To make it clear: American soybean farmers lost their main customer to Argentina, and Trump thanked Argentina for that by giving them $20 billion. While American farmers literally lose the farm.
The China-Argentina-Soybean fiasco is just one example. But to return to Argentina: when Trump was asked to defend his bailout, he condescendingly told a woman reporter that Argentina was “dying,” and that maybe we should get our beef from Argentina to help them out.
How do you feel about that, Cattlemen?
Oh, we already now.
“The National Cattlemen’s Beef Association and its members cannot stand behind the President while he undercuts the future of family farmers and ranchers by importing Argentinian beef in an attempt to influence prices,” said National Cattlemen’s Beef Association CEO Colin Woodall. “If President Trump is truly an ally of America’s cattle producers, we call on him to abandon this effort to manipulate markets.”
How’d we get here?
At first blush, it would look like Trump is punishing American farmers, even though a staggering 77.7% of them in America’s top agricultural counties threw Trump their vote. Some way to say thanks, Don.
But if you look a bit deeper, these farmers are getting exactly what they asked for.
Trump made no secret of his plans for mass deportation — he even had signs made that raged “MASS DEPORTATIONS NOW.” Trump voters, even those farmers who knew they depend on undocumented workers to bring the crops in and to tend to the dairy herds, pulled the lever for him anyway.
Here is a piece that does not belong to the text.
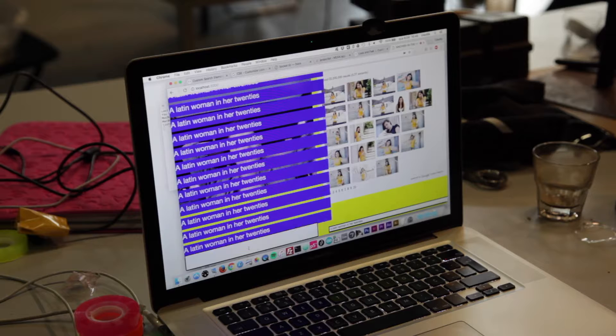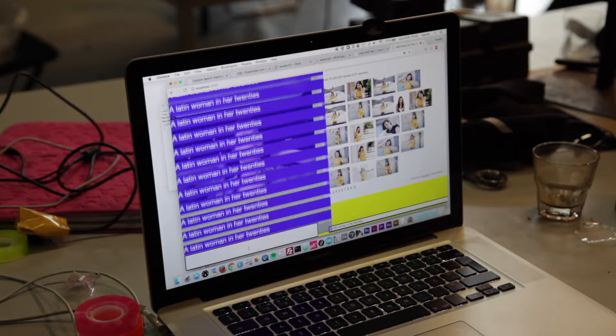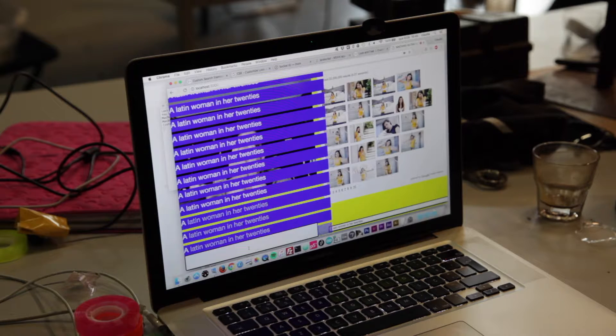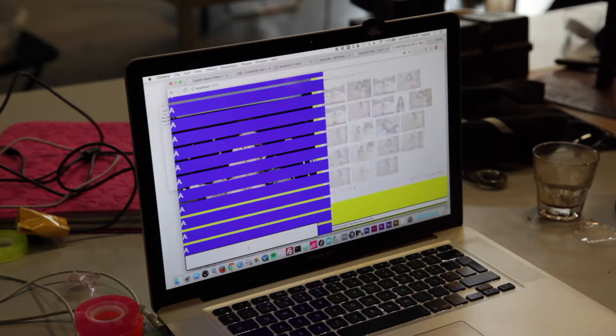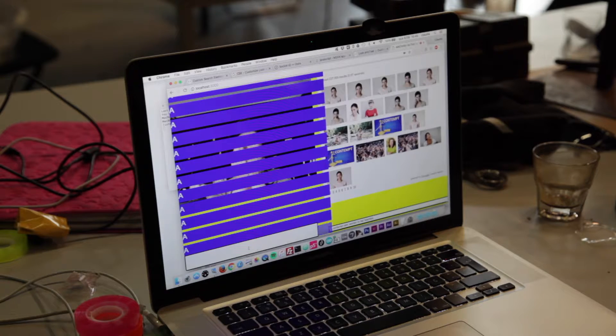I was very interested in how technology has become the mediator of most of our interactions and in what gets lost when we communicate through these different devices and interfaces.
Trump made no secret of is plans for tariffs. He kept insisting he loved them and understood them better than anyone, even as anyone who so much as took Econ 101 understands the cost of tariffs is always pushed off on consumers. Farmers were reminded how Trump tariffs hurt them in his first term, and though they faced the prospect of even stiffer tariffs, they went all in.
So Trump isn’t punishing American farmers. American farmers wanted him, and he’s delivering exactly what he promised. What’s that phrase? “Promises made; promises kept?” Looks like “threats made; threats kept” would be more accurate. The ultimate irony is that all this was made possible by the very voters he hurts.
Bumper crop of crap
Where did American farmers go wrong?
All they had to do was vote in their own best interest. The task was simple. Evaluate the aims and promises of each candidate, and suss out which one would treat your interests most kindly. American farmers bellied up to the table, considered the loss of their workers, the soybeans withering in the fields, the international customers taking their money elsewhere — farmers looked at all that and said, “sign me up.”
But why?
Was it racism, otherwise known as “white economic anxiety”?
Was it because they were terrified of transwomen? That ad about “They care about they/them; Trump cares about you” was a snazzy bit of marketing, sure. It allowed fear to win out over reason. Terror of trans kept many from bothering to think about what would actually be best for themselves.
Was it to “own the libs”? That’s not a farm-specific sentiment, but boy howdy does it run rampant through maga. Time after time, we’ve watched clueless magas gleefully support things that would hurt themselves if they thought it would so much as inconvenience “the libs.” To many, “owning the libs” has replaced any sort of moral compass they used to have.
It was all of this. Because when you prioritize using your power to hurt others, I promise you, it will come for you, too.
All American farmers had to do was vote in their own best interest. Instead, they made hurting other people their #1 goal at the ballot box. Now, they’re going bankrupt and losing family farms that they’ve held on to for generations.
I can’t celebrate that. In fact, America will be much weaker if we lose the ability to grow crops and raise livestock for ourselves, or if family farms completely give way to factory ones.
We need our farmers.
We also need them to think for themselves.